**Task requirements**
An exact transcription of the data below is needed.

Start of Records supplied

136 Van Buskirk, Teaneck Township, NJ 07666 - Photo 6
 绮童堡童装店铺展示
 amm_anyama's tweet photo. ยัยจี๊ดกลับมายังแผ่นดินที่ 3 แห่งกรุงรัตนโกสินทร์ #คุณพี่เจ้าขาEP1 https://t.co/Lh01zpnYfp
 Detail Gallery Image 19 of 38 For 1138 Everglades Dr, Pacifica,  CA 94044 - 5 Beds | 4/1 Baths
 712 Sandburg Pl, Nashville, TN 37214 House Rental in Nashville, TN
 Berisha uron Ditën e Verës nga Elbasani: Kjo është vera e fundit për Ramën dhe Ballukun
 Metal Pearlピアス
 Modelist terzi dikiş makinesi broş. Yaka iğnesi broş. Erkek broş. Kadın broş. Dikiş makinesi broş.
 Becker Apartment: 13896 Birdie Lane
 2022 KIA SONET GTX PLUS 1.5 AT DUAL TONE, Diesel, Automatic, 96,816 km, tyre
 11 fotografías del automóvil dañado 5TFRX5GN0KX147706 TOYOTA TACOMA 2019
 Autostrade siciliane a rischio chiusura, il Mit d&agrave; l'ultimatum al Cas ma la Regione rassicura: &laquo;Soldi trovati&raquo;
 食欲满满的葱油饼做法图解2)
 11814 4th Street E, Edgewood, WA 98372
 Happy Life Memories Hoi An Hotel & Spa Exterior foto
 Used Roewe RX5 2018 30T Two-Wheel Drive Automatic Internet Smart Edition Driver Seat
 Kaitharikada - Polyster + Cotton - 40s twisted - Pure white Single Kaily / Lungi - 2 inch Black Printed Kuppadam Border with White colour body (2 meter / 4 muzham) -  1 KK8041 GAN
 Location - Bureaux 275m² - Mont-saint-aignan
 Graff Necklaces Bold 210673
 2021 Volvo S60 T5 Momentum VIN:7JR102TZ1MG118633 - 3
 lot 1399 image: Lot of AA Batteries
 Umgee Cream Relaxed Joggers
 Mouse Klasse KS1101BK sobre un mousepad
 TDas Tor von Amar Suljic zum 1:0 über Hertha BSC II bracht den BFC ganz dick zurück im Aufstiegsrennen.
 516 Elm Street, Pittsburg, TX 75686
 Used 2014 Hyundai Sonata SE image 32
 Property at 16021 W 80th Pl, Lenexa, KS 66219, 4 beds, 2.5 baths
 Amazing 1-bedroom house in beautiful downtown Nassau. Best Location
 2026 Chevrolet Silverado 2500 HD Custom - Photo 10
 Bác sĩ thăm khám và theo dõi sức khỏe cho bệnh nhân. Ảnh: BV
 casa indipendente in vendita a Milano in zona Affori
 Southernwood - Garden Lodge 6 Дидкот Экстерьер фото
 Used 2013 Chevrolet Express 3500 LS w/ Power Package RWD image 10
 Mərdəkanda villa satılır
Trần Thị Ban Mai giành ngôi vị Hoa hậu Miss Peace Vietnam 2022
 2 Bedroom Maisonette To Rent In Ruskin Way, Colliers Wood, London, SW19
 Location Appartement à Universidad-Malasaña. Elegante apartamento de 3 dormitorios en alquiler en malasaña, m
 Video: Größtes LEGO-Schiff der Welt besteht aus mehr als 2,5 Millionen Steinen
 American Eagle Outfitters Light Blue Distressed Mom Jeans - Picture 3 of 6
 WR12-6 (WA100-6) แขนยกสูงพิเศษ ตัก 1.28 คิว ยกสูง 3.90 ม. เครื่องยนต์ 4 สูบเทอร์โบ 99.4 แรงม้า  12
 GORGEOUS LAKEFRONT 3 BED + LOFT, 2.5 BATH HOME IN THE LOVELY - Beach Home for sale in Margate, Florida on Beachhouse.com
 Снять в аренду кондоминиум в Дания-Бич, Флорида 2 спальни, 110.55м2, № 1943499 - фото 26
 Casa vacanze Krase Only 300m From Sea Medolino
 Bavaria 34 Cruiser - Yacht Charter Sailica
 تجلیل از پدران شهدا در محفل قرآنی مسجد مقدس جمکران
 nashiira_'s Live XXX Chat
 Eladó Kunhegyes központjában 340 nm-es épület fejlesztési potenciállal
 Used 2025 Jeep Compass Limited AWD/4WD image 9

End of Records supplied

**Finished exercise**
136 Van Buskirk, Teaneck Township, NJ 07666 - Photo 6
 绮童堡童装店铺展示
 amm_anyama's tweet photo. ยัยจี๊ดกลับมายังแผ่นดินที่ 3 แห่งกรุงรัตนโกสินทร์ #คุณพี่เจ้าขาEP1 https://t.co/Lh01zpnYfp
 Detail Gallery Image 19 of 38 For 1138 Everglades Dr, Pacifica,  CA 94044 - 5 Beds | 4/1 Baths
 712 Sandburg Pl, Nashville, TN 37214 House Rental in Nashville, TN
 Berisha uron Ditën e Verës nga Elbasani: Kjo është vera e fundit për Ramën dhe Ballukun
 Metal Pearlピアス
 Modelist terzi dikiş makinesi broş. Yaka iğnesi broş. Erkek broş. Kadın broş. Dikiş makinesi broş.
 Becker Apartment: 13896 Birdie Lane
 2022 KIA SONET GTX PLUS 1.5 AT DUAL TONE, Diesel, Automatic, 96,816 km, tyre
 11 fotografías del automóvil dañado 5TFRX5GN0KX147706 TOYOTA TACOMA 2019
 Autostrade siciliane a rischio chiusura, il Mit d&agrave; l'ultimatum al Cas ma la Regione rassicura: &laquo;Soldi trovati&raquo;
 食欲满满的葱油饼做法图解2)
 11814 4th Street E, Edgewood, WA 98372
 Happy Life Memories Hoi An Hotel & Spa Exterior foto
 Used Roewe RX5 2018 30T Two-Wheel Drive Automatic Internet Smart Edition Driver Seat
 Kaitharikada - Polyster + Cotton - 40s twisted - Pure white Single Kaily / Lungi - 2 inch Black Printed Kuppadam Border with White colour body (2 meter / 4 muzham) -  1 KK8041 GAN
 Location - Bureaux 275m² - Mont-saint-aignan
 Graff Necklaces Bold 210673
 2021 Volvo S60 T5 Momentum VIN:7JR102TZ1MG118633 - 3
 lot 1399 image: Lot of AA Batteries
 Umgee Cream Relaxed Joggers
 Mouse Klasse KS1101BK sobre un mousepad
 TDas Tor von Amar Suljic zum 1:0 über Hertha BSC II bracht den BFC ganz dick zurück im Aufstiegsrennen.
 516 Elm Street, Pittsburg, TX 75686
 Used 2014 Hyundai Sonata SE image 32
 Property at 16021 W 80th Pl, Lenexa, KS 66219, 4 beds, 2.5 baths
 Amazing 1-bedroom house in beautiful downtown Nassau. Best Location
 2026 Chevrolet Silverado 2500 HD Custom - Photo 10
 Bác sĩ thăm khám và theo dõi sức khỏe cho bệnh nhân. Ảnh: BV
 casa indipendente in vendita a Milano in zona Affori
 Southernwood - Garden Lodge 6 Дидкот Экстерьер фото
 Used 2013 Chevrolet Express 3500 LS w/ Power Package RWD image 10
 Mərdəkanda villa satılır
Trần Thị Ban Mai giành ngôi vị Hoa hậu Miss Peace Vietnam 2022
 2 Bedroom Maisonette To Rent In Ruskin Way, Colliers Wood, London, SW19
 Location Appartement à Universidad-Malasaña. Elegante apartamento de 3 dormitorios en alquiler en malasaña, m
 Video: Größtes LEGO-Schiff der Welt besteht aus mehr als 2,5 Millionen Steinen
 American Eagle Outfitters Light Blue Distressed Mom Jeans - Picture 3 of 6
 WR12-6 (WA100-6) แขนยกสูงพิเศษ ตัก 1.28 คิว ยกสูง 3.90 ม. เครื่องยนต์ 4 สูบเทอร์โบ 99.4 แรงม้า  12
 GORGEOUS LAKEFRONT 3 BED + LOFT, 2.5 BATH HOME IN THE LOVELY - Beach Home for sale in Margate, Florida on Beachhouse.com
 Снять в аренду кондоминиум в Дания-Бич, Флорида 2 спальни, 110.55м2, № 1943499 - фото 26
 Casa vacanze Krase Only 300m From Sea Medolino
 Bavaria 34 Cruiser - Yacht Charter Sailica
 تجلیل از پدران شهدا در محفل قرآنی مسجد مقدس جمکران
 nashiira_'s Live XXX Chat
 Eladó Kunhegyes központjában 340 nm-es épület fejlesztési potenciállal
 Used 2025 Jeep Compass Limited AWD/4WD image 9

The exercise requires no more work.